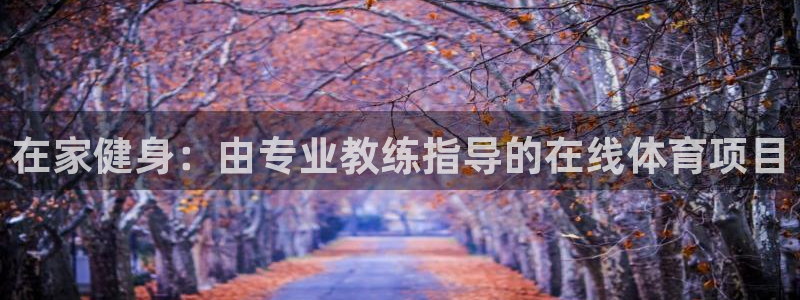 星欧娱乐扣款流程详解图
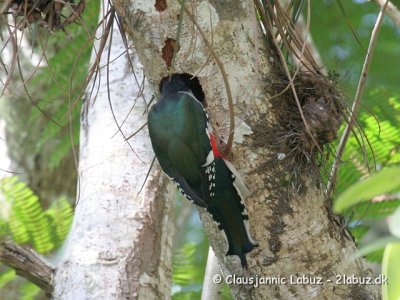 Cuban Trogon / Cuba Trogon
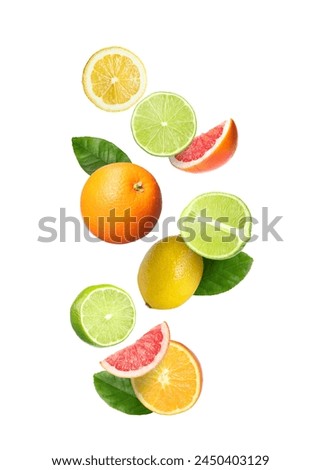 Image, Stock Photo citrus fruits cut into round pieces: orange, grapefruit, lemon, tangerine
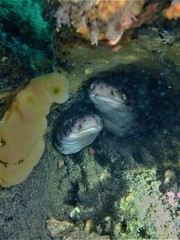 Aulohalaelurus labiosus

• Task requirements:
Except for the pictures, print the data above exactly.

• Task answer:
 星欧娱乐扣款流程详解图
 Cuban Trogon / Cuba Trogon
 Image, Stock Photo citrus fruits cut into round pieces: orange, grapefruit, lemon, tangerine
 Aulohalaelurus labiosus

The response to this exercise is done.